When patients with hip osteoarthritis (OA) have difficulty with pain and movement, doctors sometimes prescribe physical therapy. The conservative therapy – which often includes a combination of manual therapy (the use of hands to manipulate joints and put pressure on muscles), therapeutic exercises (targeting strength, flexibility and balance), massage and education under the direction of a trained physical therapist – offers minimal risk and is often covered to some extent by insurance plans. But while physical therapy is a well-accepted approach in the United States as well as internationally, and studies have shown the benefits of exercise and of manual therapy individually, no placebo-controlled trial has examined the effectiveness of a combined physical therapy program.
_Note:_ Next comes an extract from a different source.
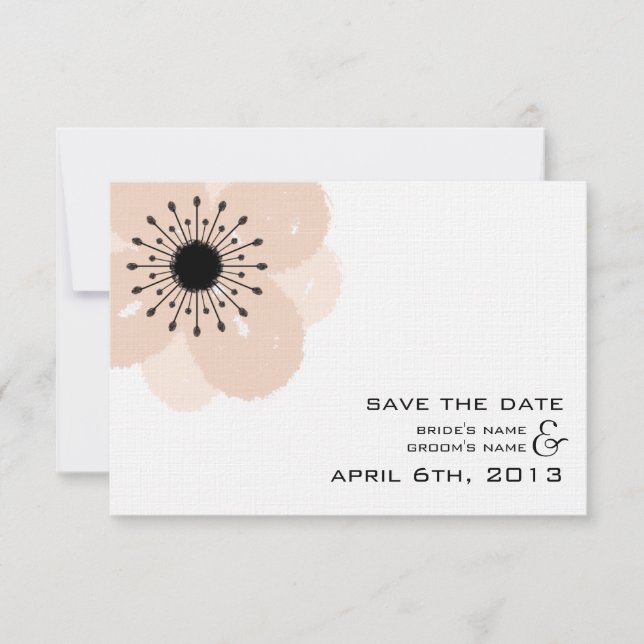 Pink Französisch Anemone Moderne Hochzeit retten d Save The Date (Vorderseite)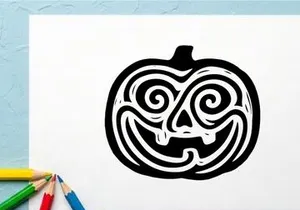 Black and White Halloween Pumpkin Face Illustration for Seasonal Decor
To close this evidence gap, a team of researchers in Australia, led by Kim L. Bennell, PhD, director of the Centre for Health, Exercise and Sports Medicine at the School of Health Sciences at the University of Melbourne, designed a study to measure how well physical therapy works. The results? The patients on a physical therapy program did improve in terms of pain and function – but those who had placebo (sham) physical therapy treatments improved just as much, and even a little more in some cases. Their findings appeared recently in The Journal of the American Medical Association (JAMA).

About 25 percent of adults in the U.S. will develop hip arthritis in their lifetime, according to the Centers for Disease Control and Prevention (CDC). No currently available therapy slows down or reverses the cartilage wear that occurs in the disease, so treatments focus on improving pain and function as well as delaying or preventing joint replacement. Many doctors and professional organizations – including the American College of Rheumatology (ACR), the European League Against Rheumatism (EULAR) and the Osteoarthritis Research Society International (OARSI) – recommend daily exercise, such as walking or swimming, to relieve symptoms and maintain mobility in arthritis patients. Some, including the ACR and OARSI, also recommend physical therapy.

Bennell and her colleagues recruited 102 people with moderate OA-related hip pain and followed them for nine months between 2010 and 2013. All were 50 years of age or older and none had undergone physical therapy or exercised more than 30 minutes per day for the previous six months.

Study participants were randomly assigned to either an active or a sham treatment group. Those in the active group had 10 physical therapy treatments with experienced therapists during a 12-week period. Treatments included hands-on manipulation of the hip and, massage, education and instruction on the proper use of a cane, if needed. Additionally, they were given exercises to perform at home several times a week. The placebo group received fake ultrasound treatments using an inactive gel but no manual therapy, exercise instruction or other intervention.

After 12 weeks of treatment the participants in both groups were followed for an additional six months. During that time, the active group continued the prescribed exercises on their own and the placebo group continued to apply the inactive gel three times per week.

Participants were assessed for pain and physical function before the study (at baseline) and at 13 and 36 weeks after the start of the study. Pain was measured using the visual analog scale (VAS), where 0 represents no pain and 100 is the worst pain imaginable. Physical function was measured using a standard scale with scores ranging from 0 (no difficulty) to 68 (extreme difficulty).

To determine how well participants could function physically, researchers looked at range of motion, muscle strength, stair climbing ability, walking pace and balance. They also looked at other measures, including quality of life, the intensity of pain while walking and treatment side effects.